Wold does not like the term sexual orientation because it conveys to the modern mind a lack of moral responsibility for presumably determined behavior. Most evangelicals will agree with Wold on this point. Wold would like to restrict the term orientation to “only a mind-set and not an inherited trait” (p. 23). “The Hebrew term yeser is used of mental purpose of frame of mind and is not far from some modern nuances of orientation” (p. 22). Yet Wold’s position here is inadequate given the host of data we must deal with. We need substantial and scholarly discussions of the topic of sexual orientation as it relates to the question of the sin nature. The sin nature orients every person away from God and prompts in some manner the person to commit violations of God’s laws. When the person decides to commit acts based on the promptings of the sin nature, the person is held responsible. No person, except the incarnate Son of God, escapes the power of the sin nature; for all have sinned. We are able to affirm the moral responsibility of all sinners and at the same time acknowledge a powerful, underlying orientation to that sin. Yet we do not seem able to do so when it comes to the sin of homosexual behavior.

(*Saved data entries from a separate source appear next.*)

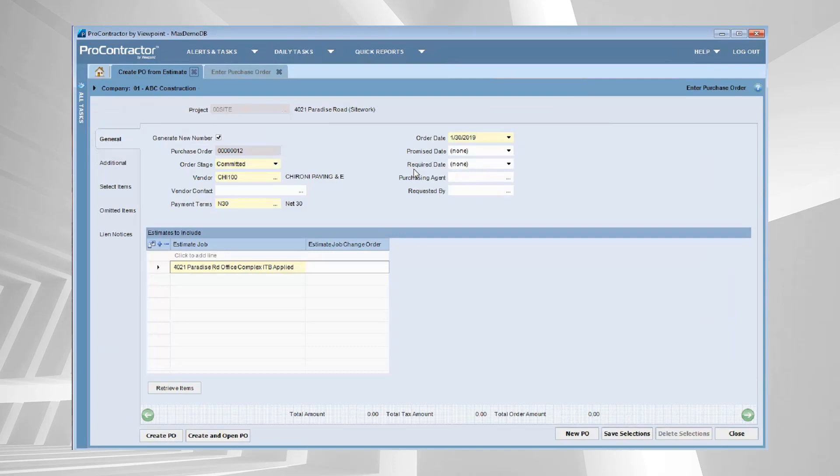Today we're going to look at creating a purchase order from an estimate. If you are using estimating, you have already set the table for all of the materials that are going to be required for a project, the quantities, the pricing. Let's take advantage of that when it comes to the purchasing side.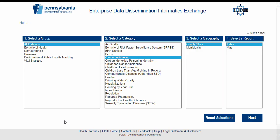Hello and welcome to a tutorial on the Enterprise Data Dissemination Informatics Exchange, or EDDIE for short. EDDIE is an extensive and versatile interactive health statistics data dissemination web tool pertaining to Pennsylvania data. This video will cover how to select a dataset, navigate menus, create an output table, examine and understand that table, as well as how to export the data.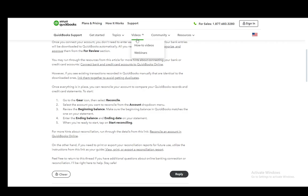Once you're there, you just select the account you want to reconcile from the account drop-down menu. And then you need to review the beginning balance — you need to make sure that the beginning balance in QuickBooks matches the one on your statement.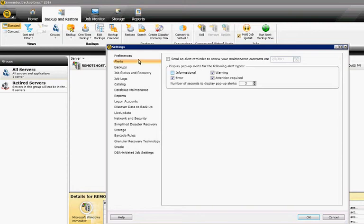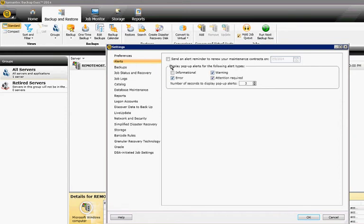If you want, you can uncheck Informational because they may not be the ones that you really care about. Errors and Warnings typically are ones you do want, so make sure those are checked, as well as the attention required.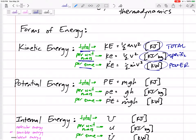We'll go over the units: velocity in meters per second, squared, gives joules per kilogram for specific energy. A watt is a joule per second. So kinetic energy total is one-half mv squared.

The book is best suited for understanding the Bible’s condemnation of deliberate sins of homosexuality committed by adults. As mentioned at the top of this review, this contribution is significant and noteworthy. But it goes without saying that we continue to have much more to do regarding this topic. We have to understand why heterosexual orientation seems to be absent in some persons; we have to assimilate psychological and physiological findings regarding human sexuality as we exegete Scripture; we have to deal more thoroughly with the teachings of Scripture on celibacy; we need to understand more about eunuchs and how Scripture’s teaching on this subject may inform the broader discussion. We can only hope that additional works of the caliber of this current volume will carry on with the wider discussions that we all need.